### PROBLEM TO WORK ON
Below this line are records; transcribe exactly the lines between the one holding "Imagem 2: Sobrado" and the one holding "Usata Volvo V50", inclusive, and omit the pictures.

### RECORDS
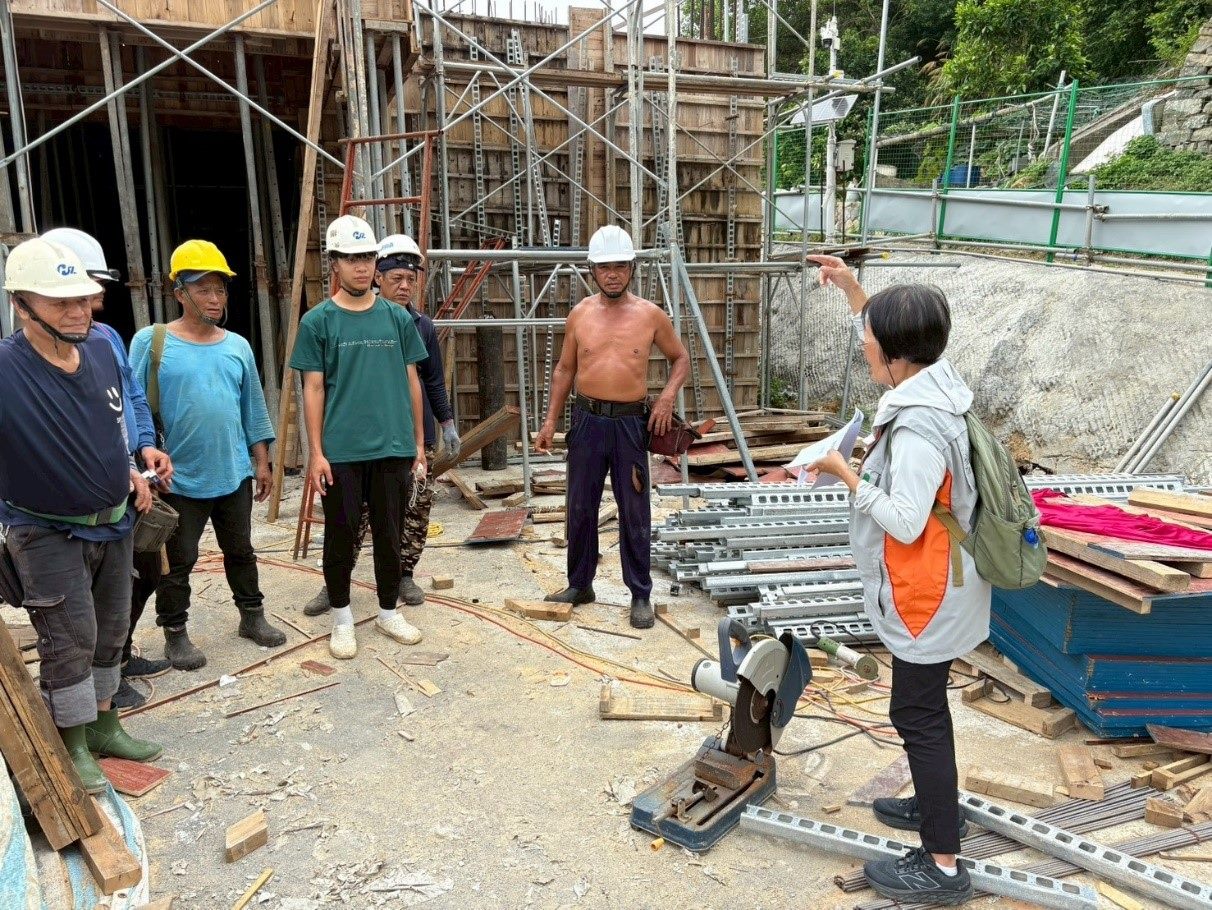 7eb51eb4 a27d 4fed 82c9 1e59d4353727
* * *
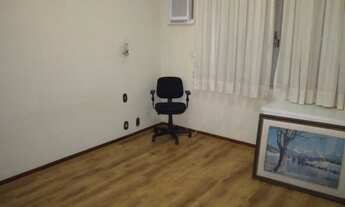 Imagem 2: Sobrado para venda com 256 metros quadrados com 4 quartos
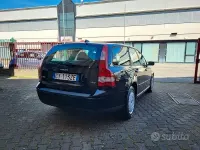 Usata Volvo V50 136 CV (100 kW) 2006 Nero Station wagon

### PROBLEM SOLUTION
 Imagem 2: Sobrado para venda com 256 metros quadrados com 4 quartos
 Usata Volvo V50 136 CV (100 kW) 2006 Nero Station wagon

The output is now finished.